The space agency has scheduled a teleconference with reporters for 1 p.m. EST (1800 GMT) on Wednesday to announce and discuss the finding, which will also be published that day in the journal Nature.
"Astronomers have pushed the Hubble Space Telescope to its limits and have seen further back in time than ever before," NASA said in an announcement posted on its website today (Jan. 21).
Audio of the teleconference will be streamed live on the space agency's website, according to NASA's announcement. The briefing coincides with research that will be released by the science journal Nature on Wednesday, the space agency said.
The panelists participating in the press conference will be:
The Hubble Space Telescope, a joint effort between NASA and the European Space Agency, launched in April 1990. In the two decades since, Hubble has revolutionized the way humanity views the cosmos.
The telescope's observations revealed, for instance, that the universe is expanding faster than anyone had realized. This finding helped lead astronomers to the probable chief cause of this accelerated expansion — the mysterious "dark energy" that makes up most of our universe.
For astronomers and laymen alike, Hubble's images have also helped bring the wonders of the cosmos closer. The telescope has been repaired five times over its long life, but it's expected to keep going strong until at least 2014.
If the last announcement is anything to judge by, they will announce that the Hubble Telescope saw a dune buggy and an aluminum American flag on the moon.
No, no, no. Sheila Jackson Lee needs to be bailed out for her JPL stupidity. They will announce they found the flag that Neil Armstrong planted on Mars.
They found Uhbummer’s throne?
No such thing as dark energy.
There is, however, something else I would chose to call dark momentum. Momentum that has been de-coupled from matter.
Another name for it is neutrinos.
When the “big-bang” happened, 94% of the mass was eradicated and turned into light energy and neutrinos.
In a kind of sense, the “big-bang” was actually a “big-collapse”.
I’m not a physicist but I play one in my dreams...
I knew if these guys looked back far enough they’d find that hammer and power drill I left behind.
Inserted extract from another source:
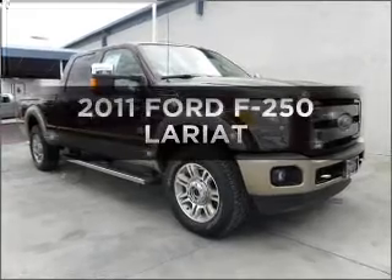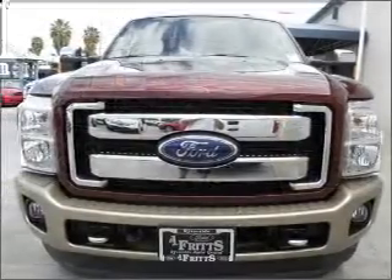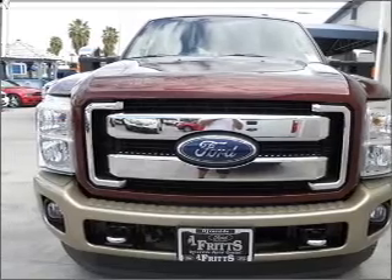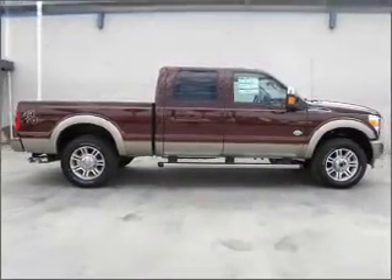Presenting the 2011 Ford F-250. If you're looking for an automobile with great attributes, look no further. With a powerful eight-cylinder engine connected to a smooth-shifting automatic transmission,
Now I’m going to have a lot of questions from the press and why did make black holes and when will this all end. Damn those guys! I never should have made astronomers!
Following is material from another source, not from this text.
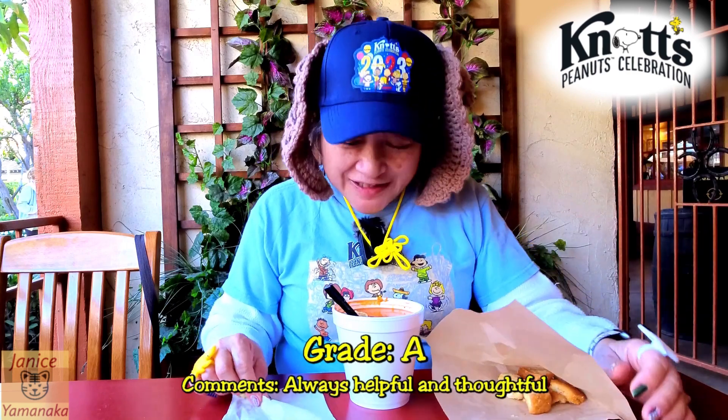Yeah, this one's really good. I'm going to give this one an A, definitely. Especially because it's getting very cold — this is not a warm winter this year, it's been a cold winter. So it's a nice thing to have in your belly.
Sounds like they discovered Obama’s birth certificate!
You were born yesterday, weren’t you? :)
I am not certain, and no physicist has ever told me this, but I believe they mean that dark energy makes up "most" (74%) of the stuff in the universe in the same sense that (because matter and energy are equivalent through E=mc2) if all the dark energy in the universe were converted to gorgonzola, then 74% of all the stuff in the universe would be gorgonzola.
Dark Energy and Dark Matter are two different things. There’s a lot more Dark Energy than Dark Matter, and we know even less about Dark Energy and what it might be than Dark Matter.